The report, which can fairly be characterized as "damning," criticizes the California High Speed Rail Authority on a wide range of issues, some of which go to the very heart of the project itself.
For example, the State Auditor says that without additional bond funding from the taxpayers, the state "may have to settle for a plan covering less than a complete corridor." Given the financial and administrative disarray of the California High Speed Rail Authority, this is a distinct possibility, which was raised by the Reason Foundation California High Speed Rail Due Diligence Report, released in September of 2008 (co-authored by Joseph Vranich and me).
This could produce a system that spectacularly fails to meet the promises of its promoters, while enriching the income statements mostly offshore firms that build trains and of firms that failed so spectacularly in managing the Big Dig in Boston. Martin Engel, who leads an organization of concerned citizens on the San Francisco peninsula frequently notes that the real driving force behind high speed rail is spending the money. In this regard, the California High Speed Rail Authority will deliver the goods. The vendors and consultants will get their money.
The State Auditor also raises questions about the potential to attract the substantial private investment necessary to completing the project. This is a legitimate concern, since the California High Speed Rail Authority has raised the possibility of government revenue guarantees for private investors. This could lead to "back door" taxpayer payment of the "private" investment.

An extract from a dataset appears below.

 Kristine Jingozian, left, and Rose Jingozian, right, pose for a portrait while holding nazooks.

The Authority continues to skirt legal requirements. The State Auditor notes that the "peer review" committee, ordered by state law in 2008, is still not fully constituted. This is not surprising for an agency that delayed its publication of a legally mandated business plan from two months before the 2008 bond election to days after it.

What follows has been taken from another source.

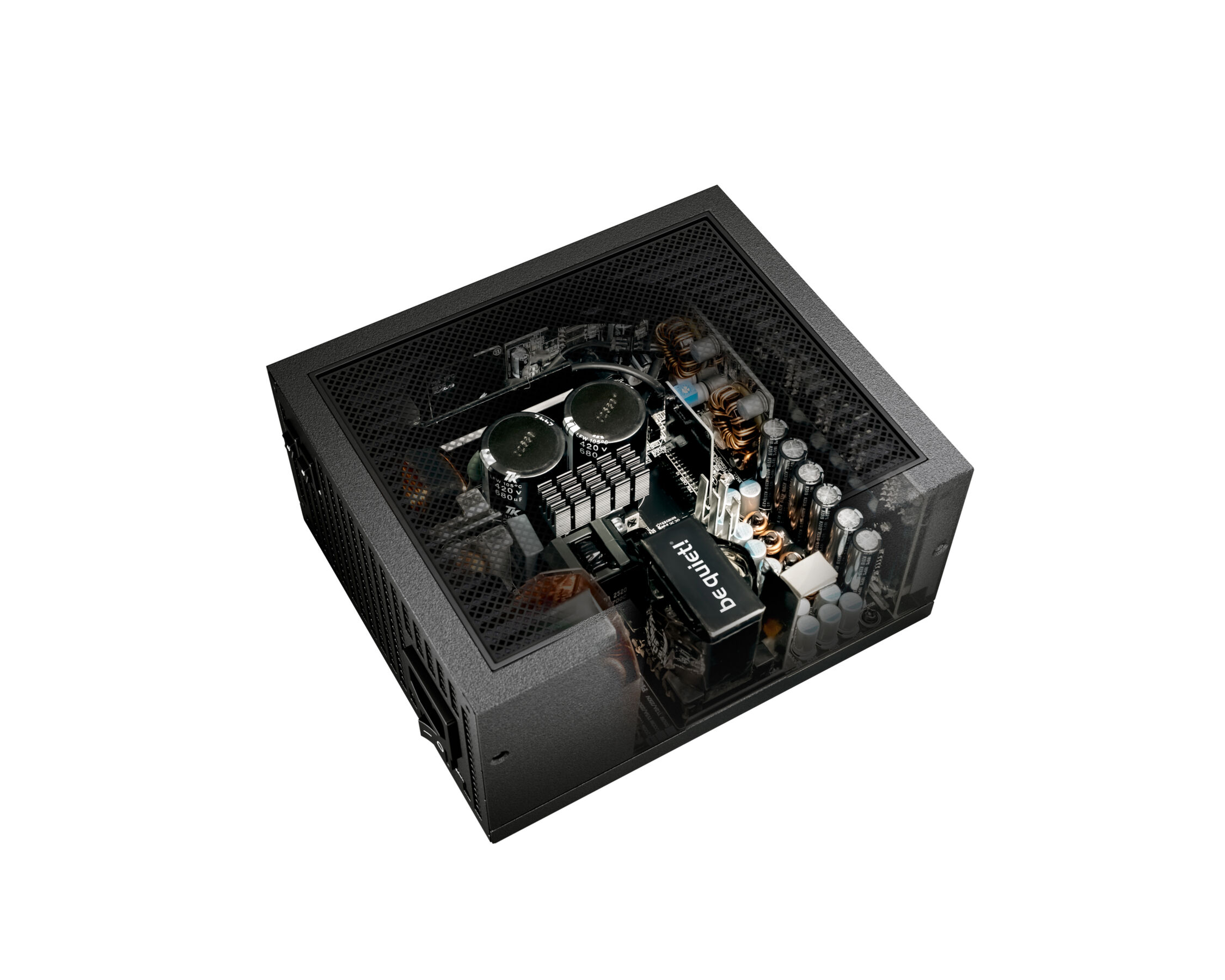 A computer power supply is shown, a black box with internal components visible through a mesh top and side.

In its response, the California High Speed Rail Authority was relegated to taking issue with the report's title, characterizing it as "inflammatory" and "overly aggressive." It hardly seems inflammatory and overly aggressive to point out that an ill-conceived plan is rushing headlong to failure. The State Auditor rightly dismissed the criticism saying: "We disagree. The title accurately characterizes the risks the Authority faces, given our findings."

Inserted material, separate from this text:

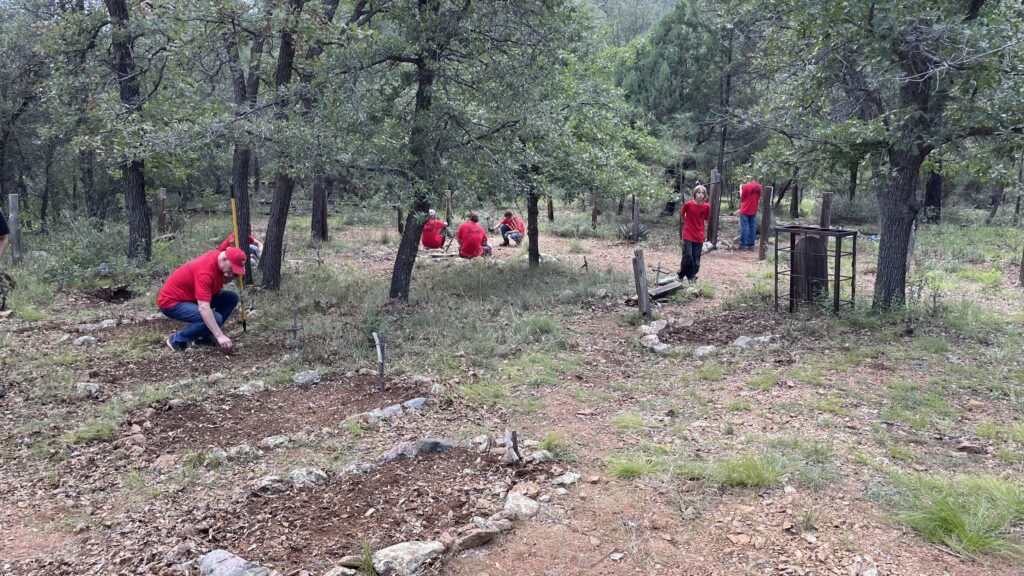 Scouts perform service at a nearby cemetery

This potential financial debacle could not have come at a worse time for California. California's fiscal crisis is of Greek proportions. Economist Bill Watkins has raised the possibility of a default on debt. Former Mayor Richard Riordan has suggested bankruptcy for Los Angeles, the nation's second largest municipality.
Unlike many in California, Riverside's Press-Enterprise in high-speed rail in the context of California's bleak financial situation: The dearth of answers to basic fiscal questions suggests that taxpayers might end up paying for big financial deficiencies in the rail plans. Deficit-ridden California has better uses for public money; no list of state priorities includes dumping countless billions into faster trains.